● **PROBLEM**: The answer must be an exact copy of the records, with every picture removed.

-------- MATERIAL PROVIDED --------

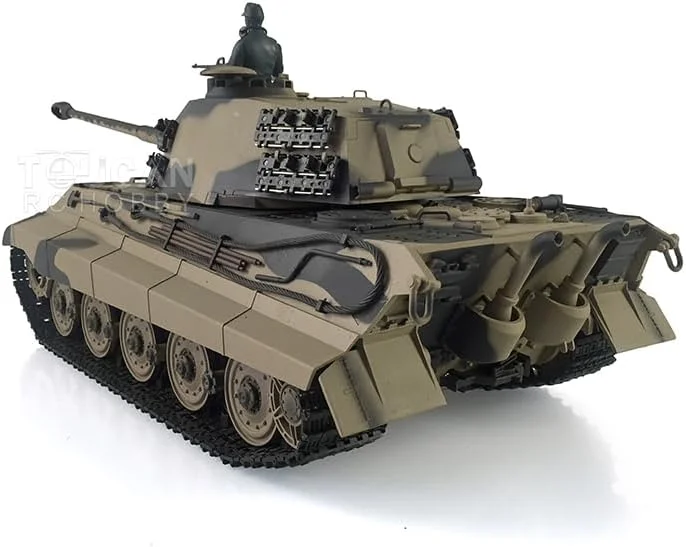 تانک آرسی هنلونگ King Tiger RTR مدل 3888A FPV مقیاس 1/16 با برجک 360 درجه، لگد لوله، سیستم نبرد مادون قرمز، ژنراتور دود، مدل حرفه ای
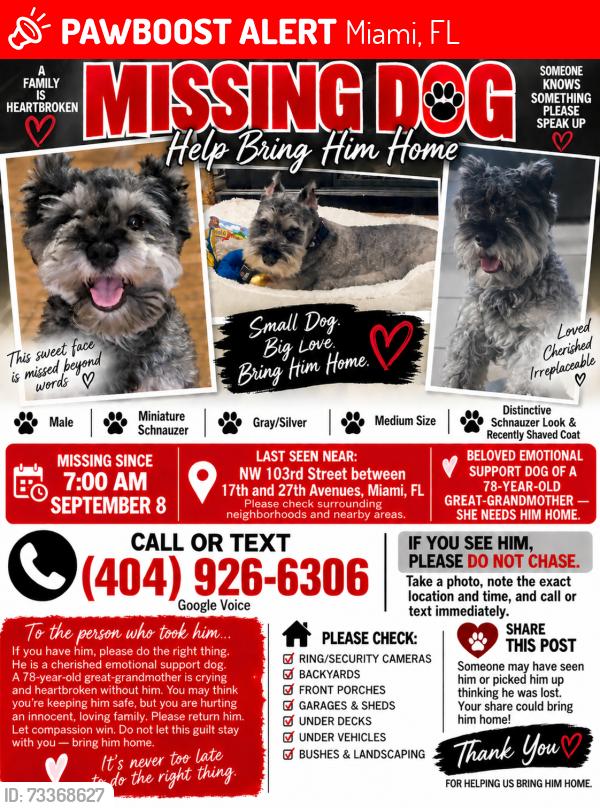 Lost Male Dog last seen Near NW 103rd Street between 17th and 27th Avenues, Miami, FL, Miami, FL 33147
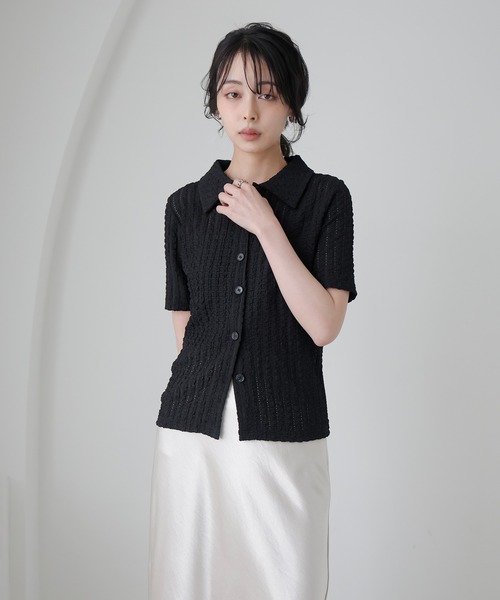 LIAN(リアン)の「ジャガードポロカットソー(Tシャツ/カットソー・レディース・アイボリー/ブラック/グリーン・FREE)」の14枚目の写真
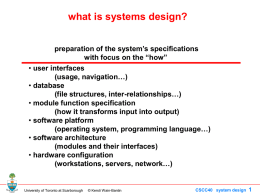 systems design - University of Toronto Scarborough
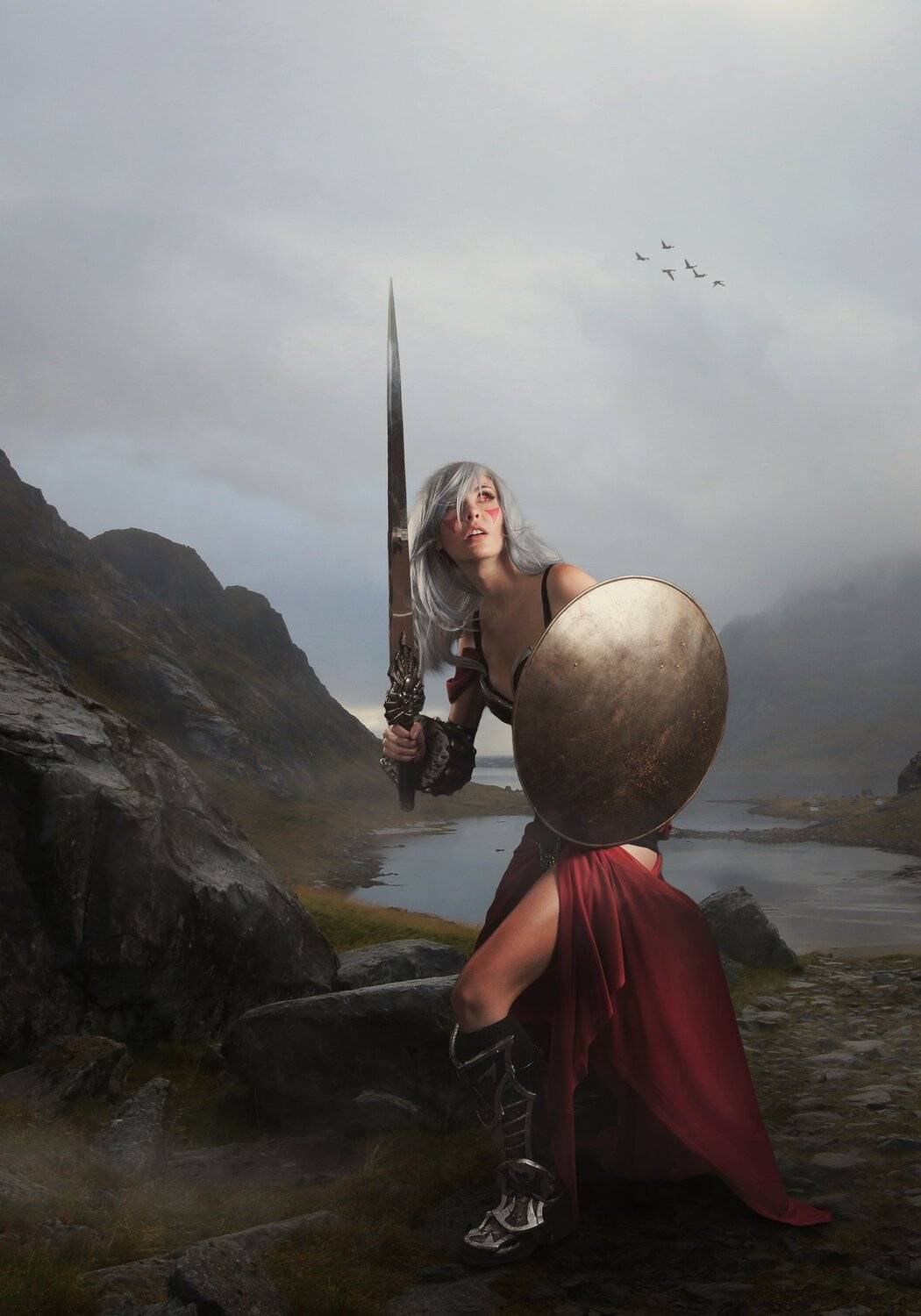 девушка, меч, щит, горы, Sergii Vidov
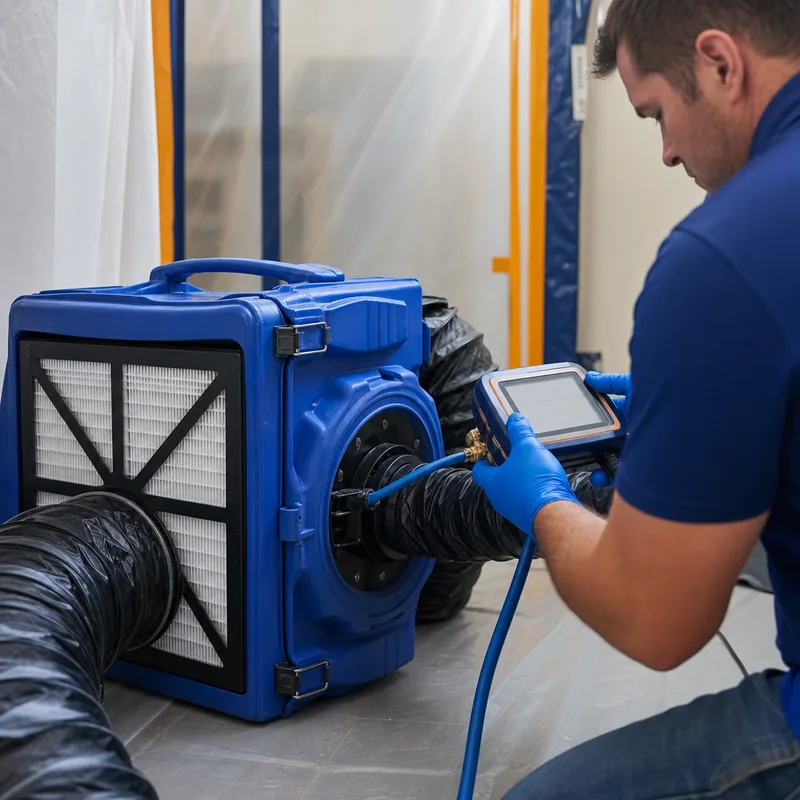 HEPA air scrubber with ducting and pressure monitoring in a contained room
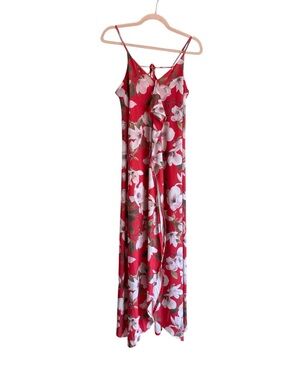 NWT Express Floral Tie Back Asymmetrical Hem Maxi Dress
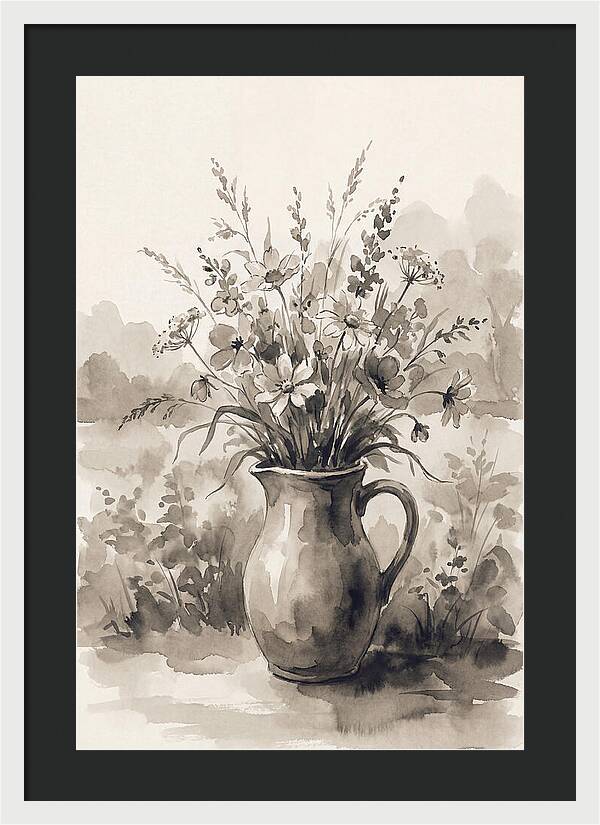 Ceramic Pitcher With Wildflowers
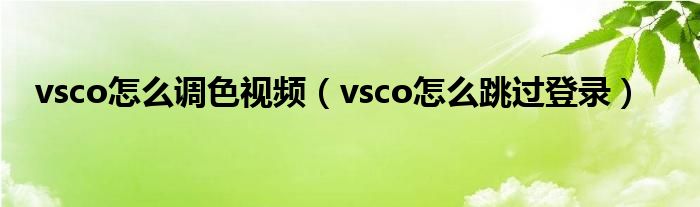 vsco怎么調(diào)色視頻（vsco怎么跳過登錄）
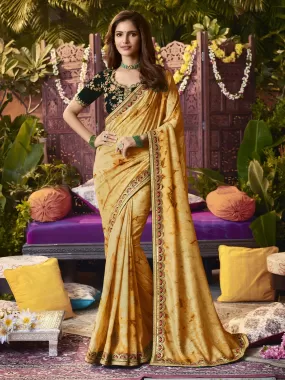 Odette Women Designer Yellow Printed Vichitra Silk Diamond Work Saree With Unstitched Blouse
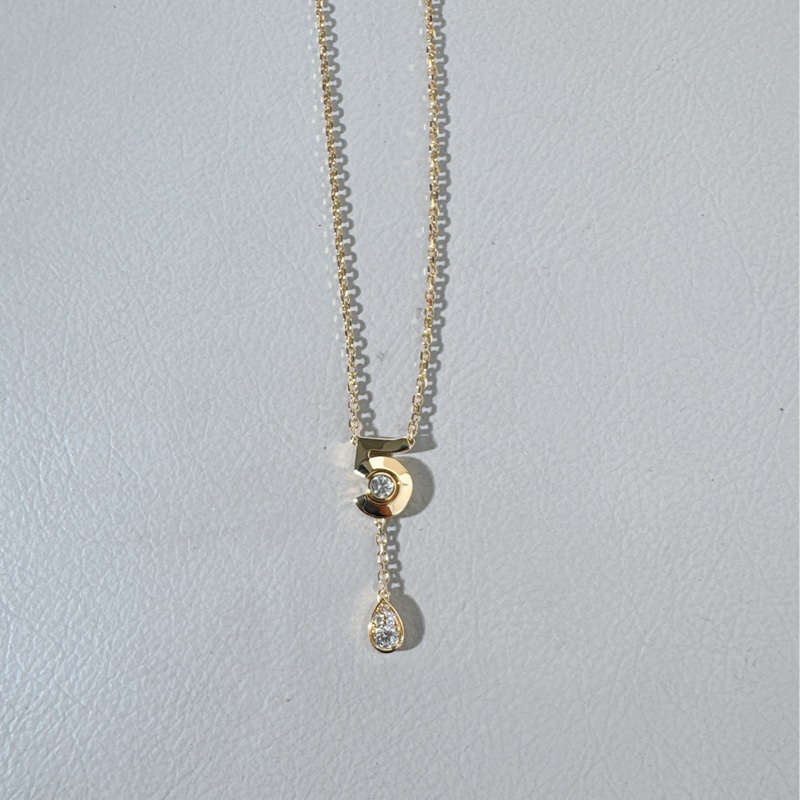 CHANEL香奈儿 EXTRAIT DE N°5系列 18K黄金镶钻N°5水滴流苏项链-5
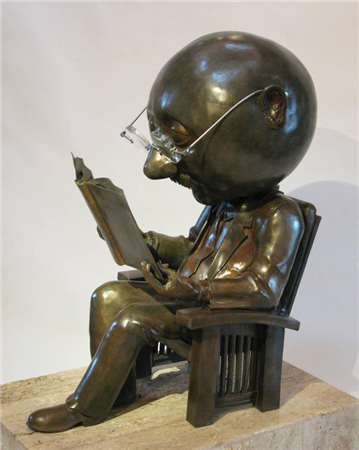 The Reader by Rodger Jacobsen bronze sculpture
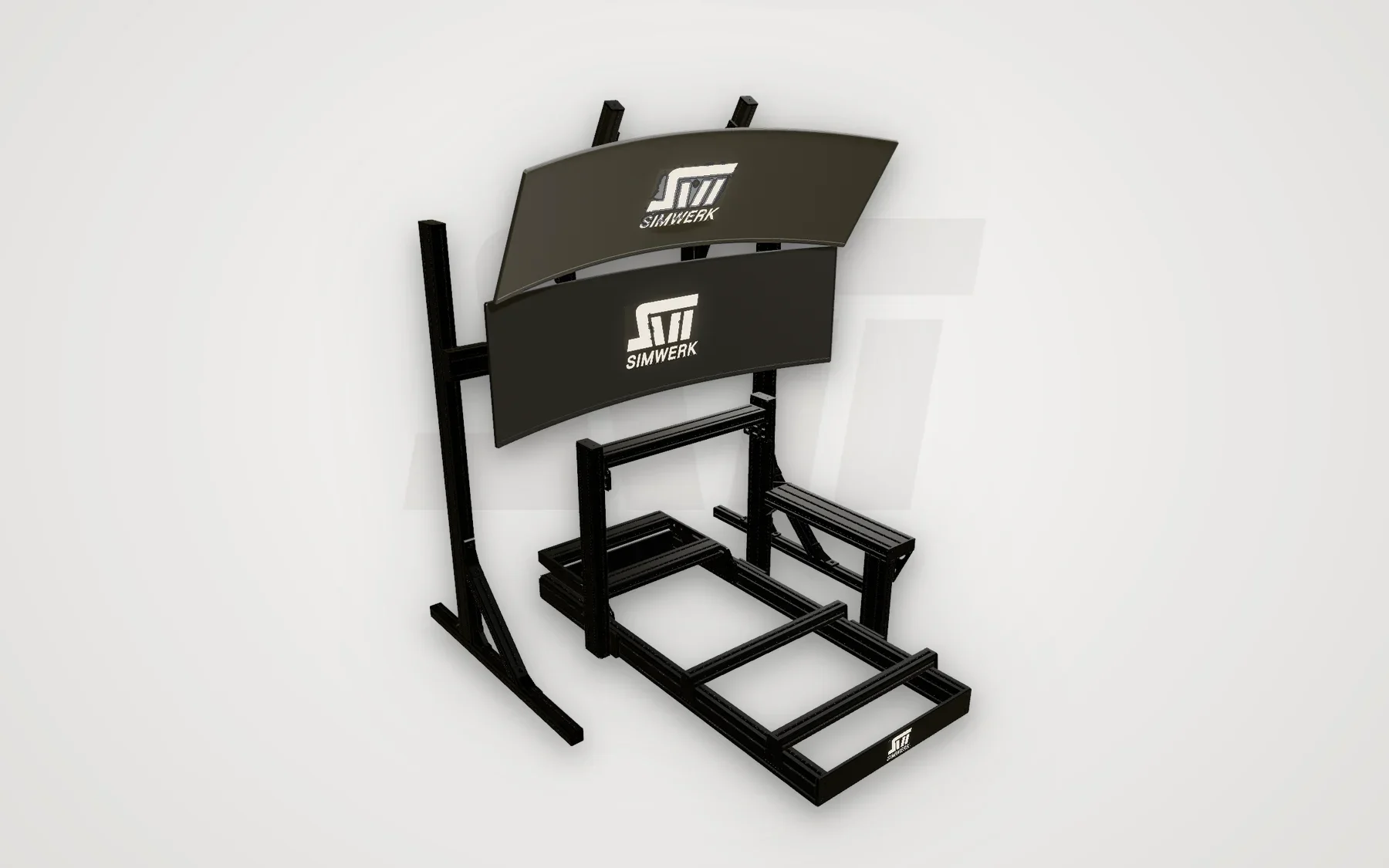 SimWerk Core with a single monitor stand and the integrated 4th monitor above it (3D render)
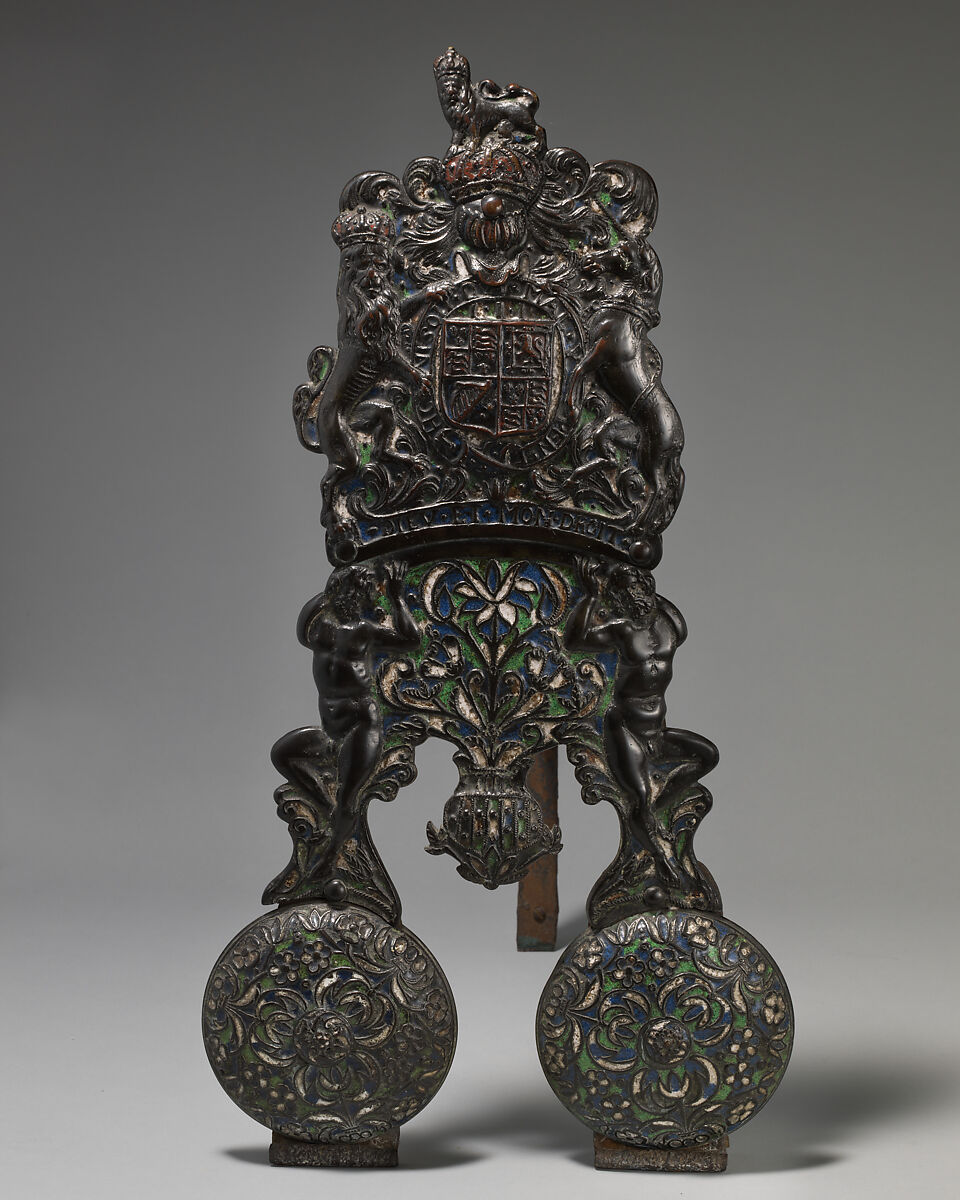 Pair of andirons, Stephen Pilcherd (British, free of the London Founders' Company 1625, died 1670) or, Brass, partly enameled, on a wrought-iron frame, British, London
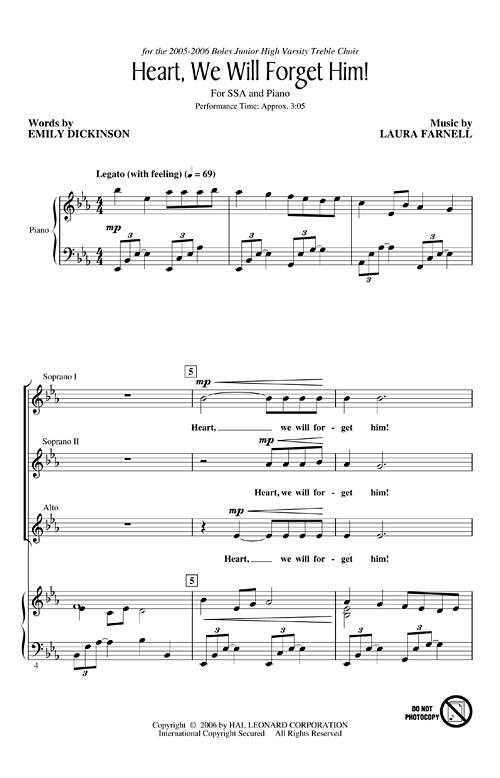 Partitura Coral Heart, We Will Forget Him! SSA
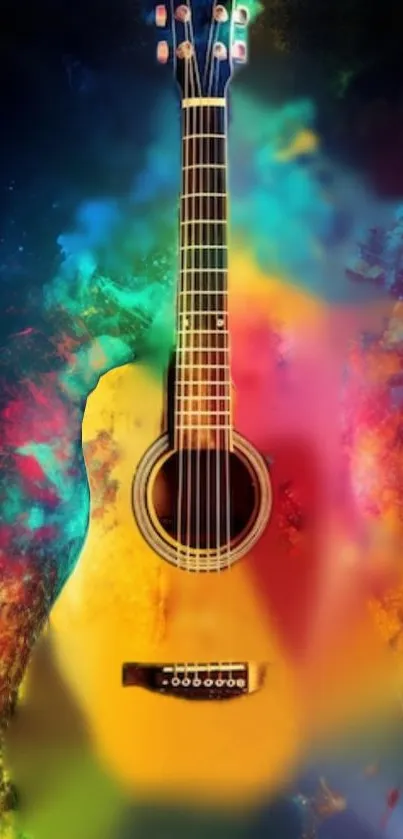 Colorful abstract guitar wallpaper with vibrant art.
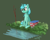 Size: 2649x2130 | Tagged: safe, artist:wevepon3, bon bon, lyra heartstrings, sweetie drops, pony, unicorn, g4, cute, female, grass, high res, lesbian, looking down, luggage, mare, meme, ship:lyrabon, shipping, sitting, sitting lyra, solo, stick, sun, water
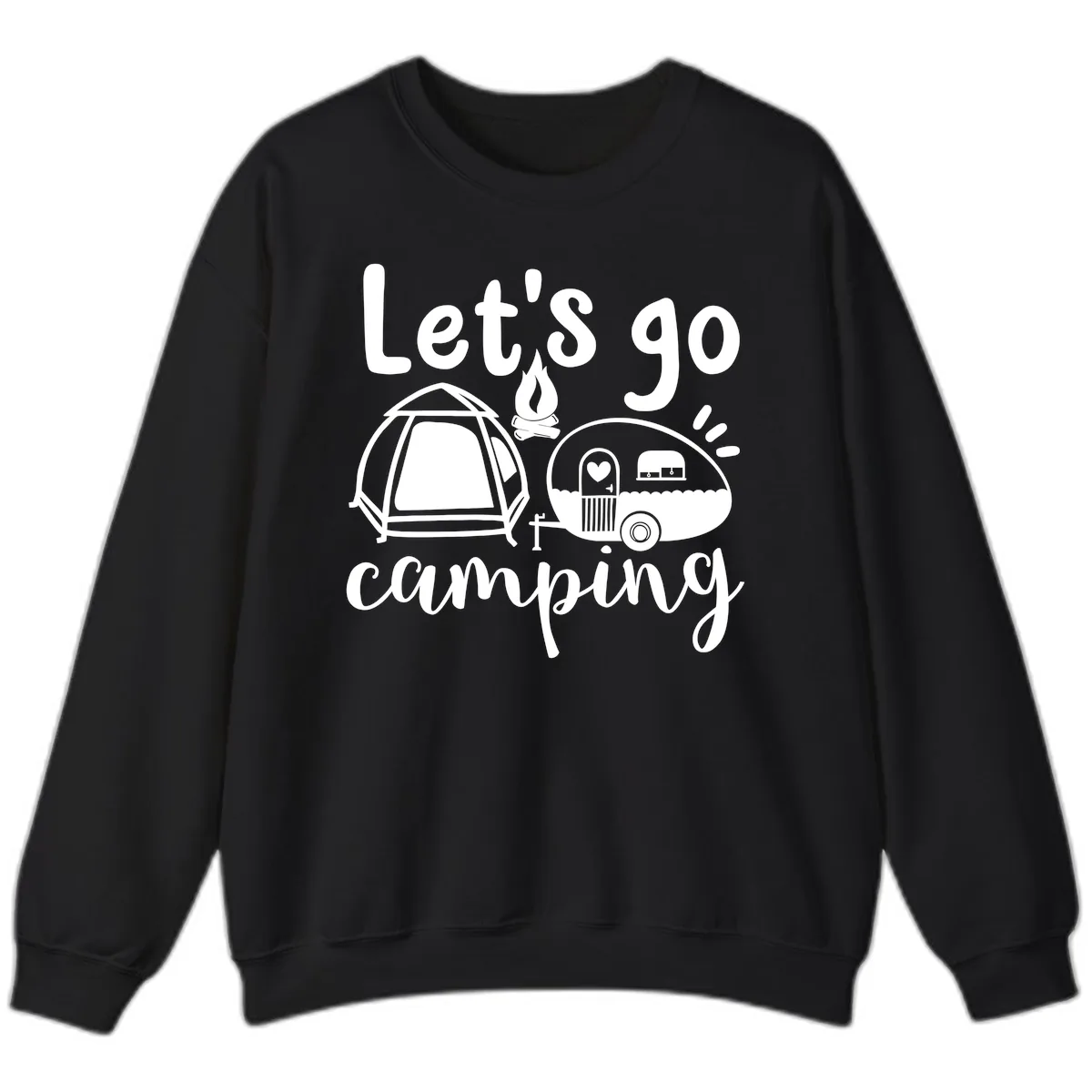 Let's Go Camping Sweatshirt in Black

--------

● **YOUR RESPONSE**:
 تانک آرسی هنلونگ King Tiger RTR مدل 3888A FPV مقیاس 1/16 با برجک 360 درجه، لگد لوله، سیستم نبرد مادون قرمز، ژنراتور دود، مدل حرفه ای
 Lost Male Dog last seen Near NW 103rd Street between 17th and 27th Avenues, Miami, FL, Miami, FL 33147
 LIAN(リアン)の「ジャガードポロカットソー(Tシャツ/カットソー・レディース・アイボリー/ブラック/グリーン・FREE)」の14枚目の写真
 systems design - University of Toronto Scarborough
 девушка, меч, щит, горы, Sergii Vidov
 HEPA air scrubber with ducting and pressure monitoring in a contained room
 NWT Express Floral Tie Back Asymmetrical Hem Maxi Dress
 Ceramic Pitcher With Wildflowers
 vsco怎么調(diào)色視頻（vsco怎么跳過登錄）
 Odette Women Designer Yellow Printed Vichitra Silk Diamond Work Saree With Unstitched Blouse
 CHANEL香奈儿 EXTRAIT DE N°5系列 18K黄金镶钻N°5水滴流苏项链-5
 The Reader by Rodger Jacobsen bronze sculpture
 SimWerk Core with a single monitor stand and the integrated 4th monitor above it (3D render)
 Pair of andirons, Stephen Pilcherd (British, free of the London Founders' Company 1625, died 1670) or, Brass, partly enameled, on a wrought-iron frame, British, London
 Partitura Coral Heart, We Will Forget Him! SSA
 Colorful abstract guitar wallpaper with vibrant art.
 Size: 2649x2130 | Tagged: safe, artist:wevepon3, bon bon, lyra heartstrings, sweetie drops, pony, unicorn, g4, cute, female, grass, high res, lesbian, looking down, luggage, mare, meme, ship:lyrabon, shipping, sitting, sitting lyra, solo, stick, sun, water
 Let's Go Camping Sweatshirt in Black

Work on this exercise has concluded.